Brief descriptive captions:
=== Begin Enclosure ===

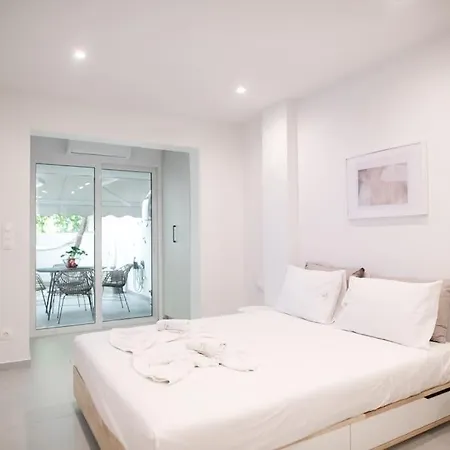 Luxury With Garden Next To Acropolis Athens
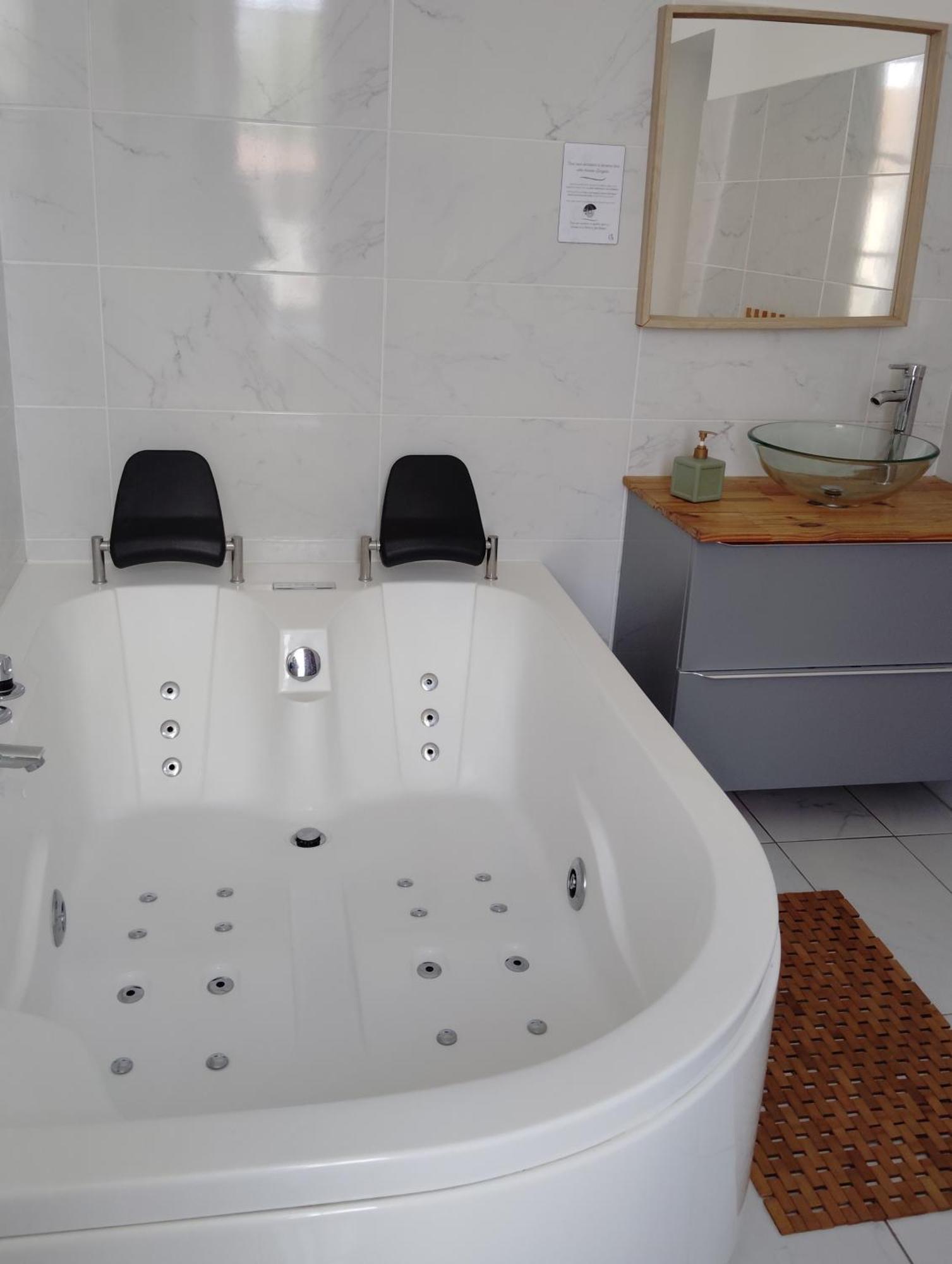 Domaine De La Ferme De Jean Grogne Hotel Fontenay-Tresigny Bilik gambar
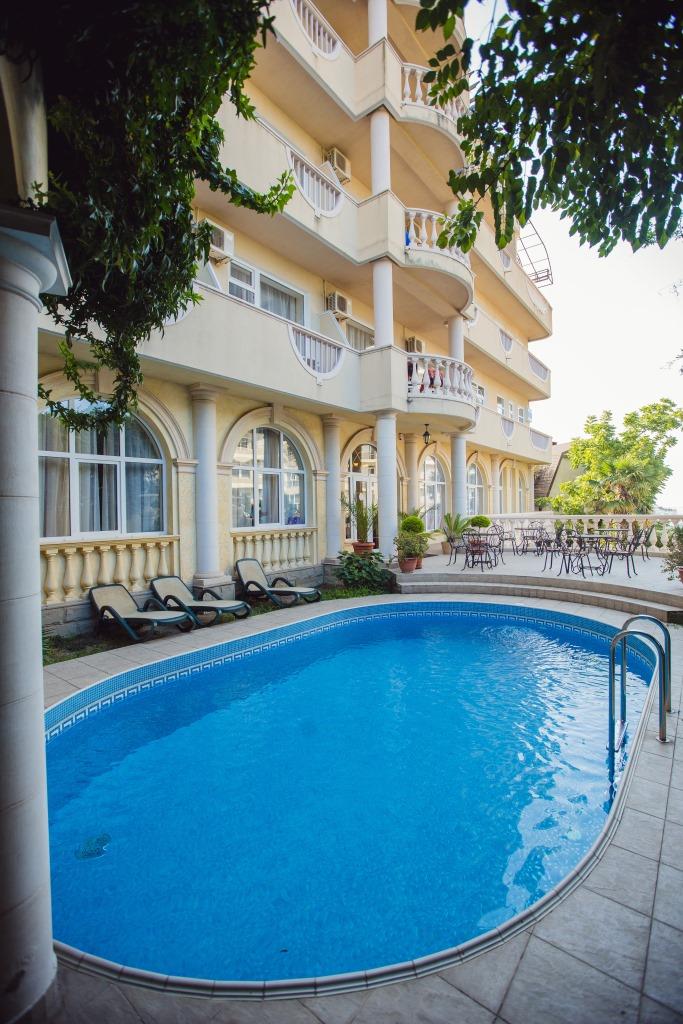 Фото Грейс Наири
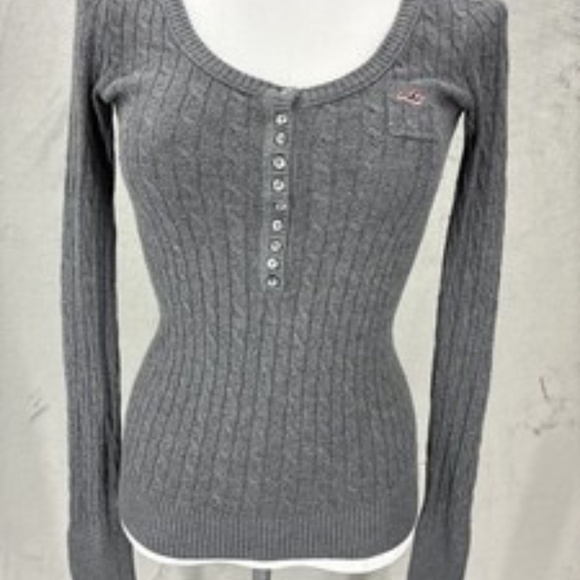 ISO Abercrombie and/or Hollister tops - Picture 4 of 4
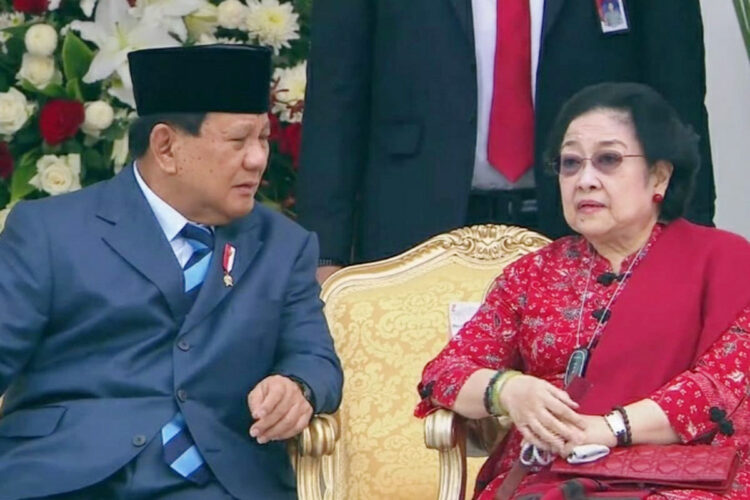 BERBINCANG— Presiden RI Prabowo Subianto saat menjabat sebagai Menteri Pertahanan bersama Presiden ke-5 RI Megawati Soekarnoputri.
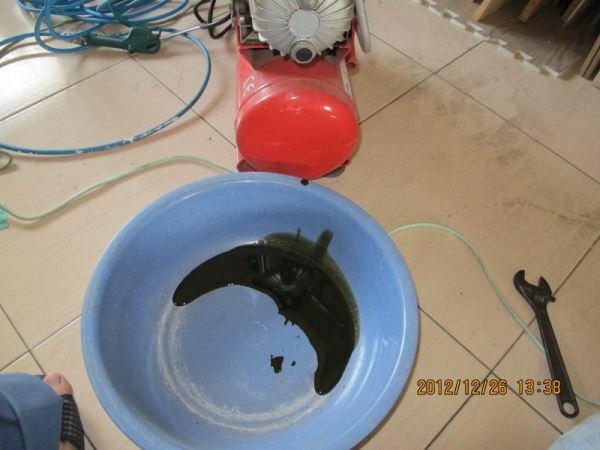 個人簡易工程-第26篇- 空壓機 換油保養 -製作紀錄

=== End Enclosure ===

Task description:
Although the records above contain pictures, only their text is to be repeated, exactly as given.

Task result:
 Luxury With Garden Next To Acropolis Athens
 Domaine De La Ferme De Jean Grogne Hotel Fontenay-Tresigny Bilik gambar
 Фото Грейс Наири
 ISO Abercrombie and/or Hollister tops - Picture 4 of 4
 BERBINCANG— Presiden RI Prabowo Subianto saat menjabat sebagai Menteri Pertahanan bersama Presiden ke-5 RI Megawati Soekarnoputri.
 個人簡易工程-第26篇- 空壓機 換油保養 -製作紀錄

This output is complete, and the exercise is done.